> Problem to solve
If a line below falls between the line with "タイ王国バンコクにあるサイア" and the line with "如何轻松生成你的以太坊钱包？揭秘背后的秘密", or is one of those two, output it exactly; output nothing else and no pictures.

> Information provided
━━━━━━
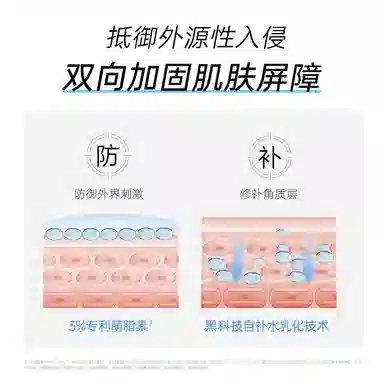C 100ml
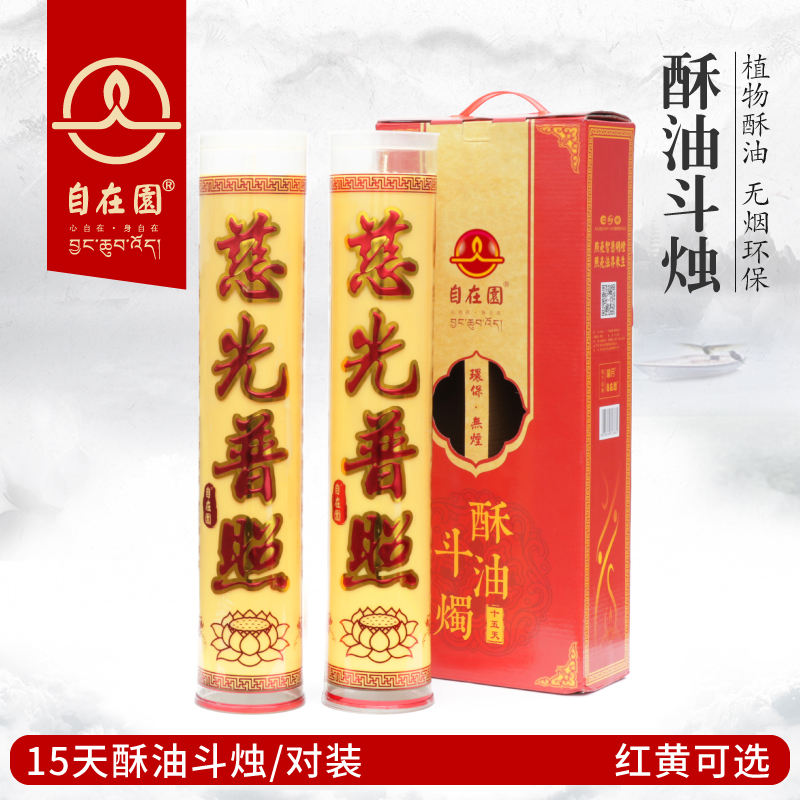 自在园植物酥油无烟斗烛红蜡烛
━━━━━━
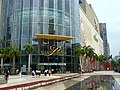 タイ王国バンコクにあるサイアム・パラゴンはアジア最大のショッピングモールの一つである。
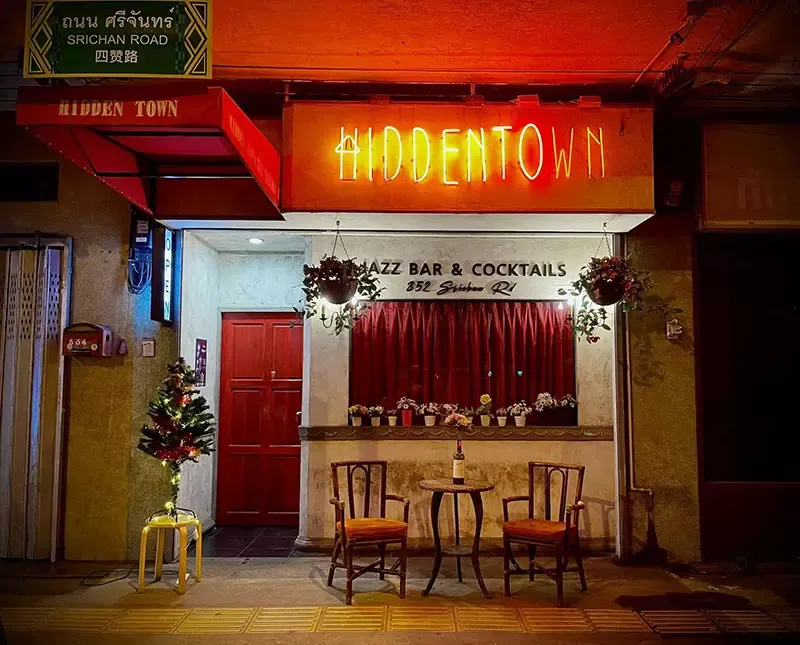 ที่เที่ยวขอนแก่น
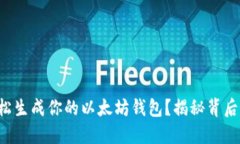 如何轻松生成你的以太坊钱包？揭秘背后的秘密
━━━━━━
> Output for this exercise
 タイ王国バンコクにあるサイアム・パラゴンはアジア最大のショッピングモールの一つである。
 ที่เที่ยวขอนแก่น
 如何轻松生成你的以太坊钱包？揭秘背后的秘密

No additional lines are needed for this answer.